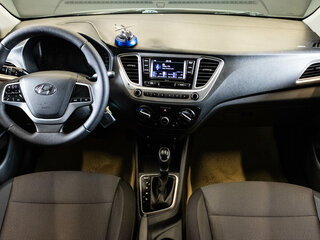 2021 Hyundai Solaris II Рестайлинг, чёрный, 1180000 рублей, вид 5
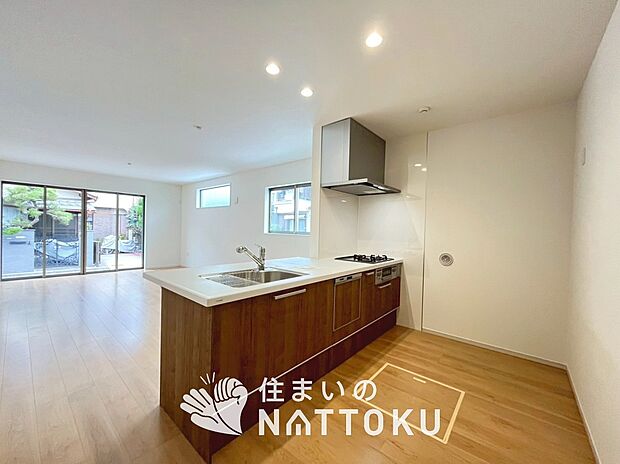 【現地写真(キッチン)】収納たっぷりのシステムキッチン、浄水器付水栓を標準装備しています。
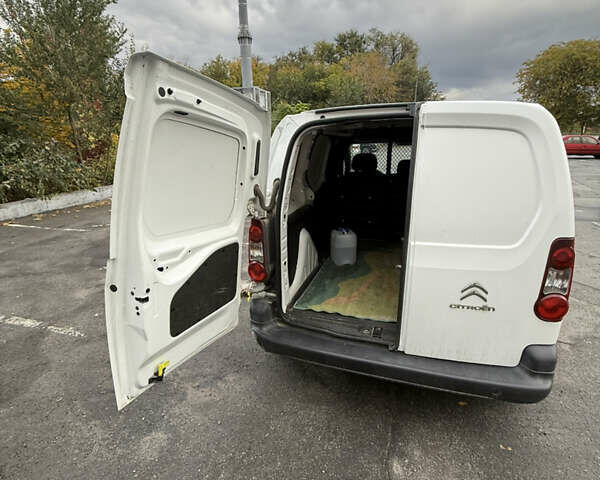 Белый Ситроен Берлинго, объемом двигателя 1.56 л и пробегом 112 тыс. км за 9000 $, фото 8 на Automoto.ua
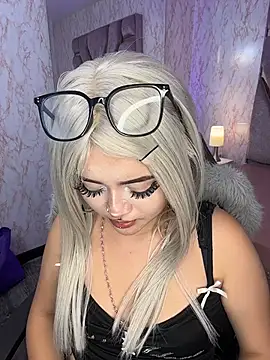 lya_nekko_ webcam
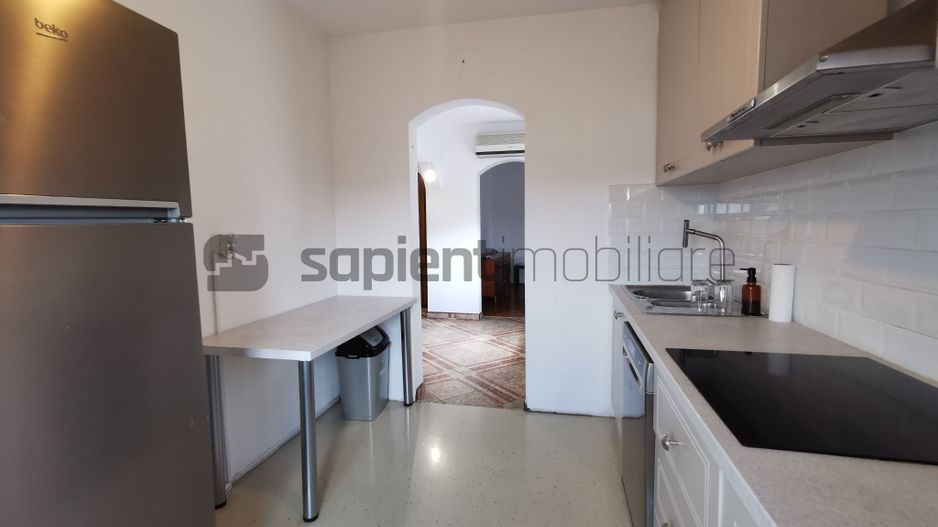 De închiriat apartament cu 4 camere, Bd. Decebal - Poză 8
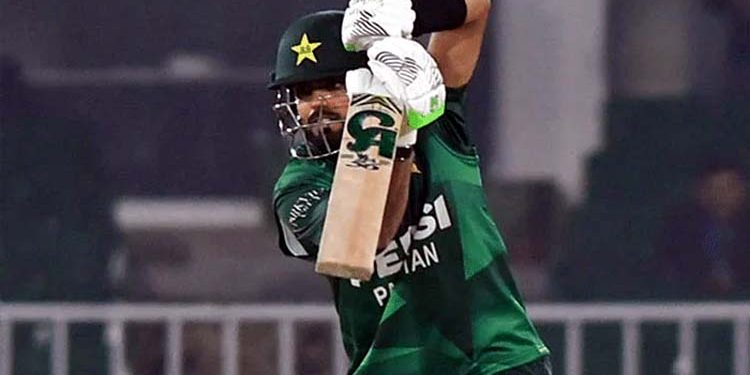 بابر اعظم نے عمر اکمل اور صائم ایوب کا ریکارڈ برابر کردیا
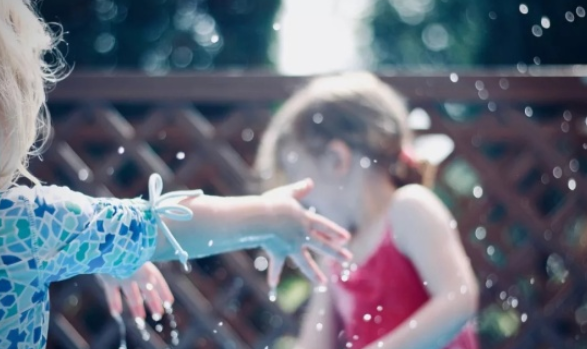 寶寶愛出汗是缺鈣還是缺鋅   寶寶愛出汗是病了嗎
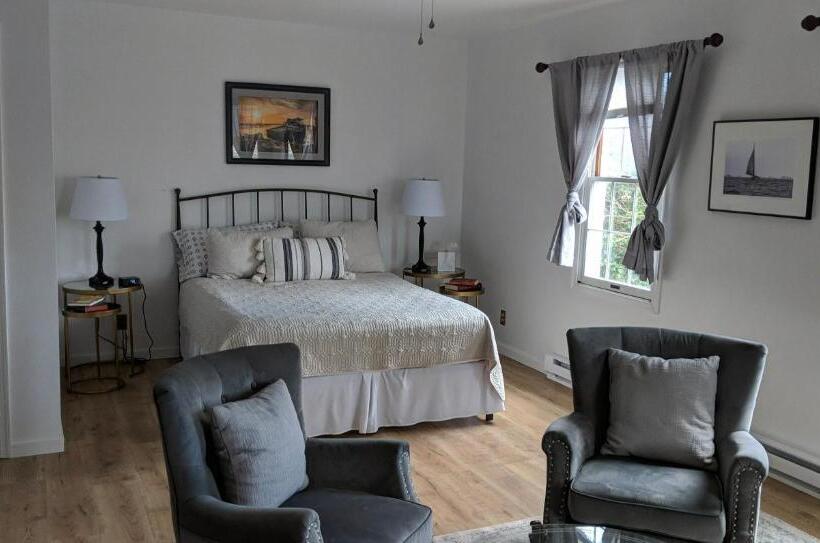 Bed and Breakfast Channel Bass Inn And Restaurant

----

▶ **Problem to work on**
Please transcribe, word for word, every line from the one containing "بابر اعظم نے" through the last line of the records, both included, and leave the pictures out.

▶ **Answer for this exercise**
 بابر اعظم نے عمر اکمل اور صائم ایوب کا ریکارڈ برابر کردیا
 寶寶愛出汗是缺鈣還是缺鋅   寶寶愛出汗是病了嗎
 Bed and Breakfast Channel Bass Inn And Restaurant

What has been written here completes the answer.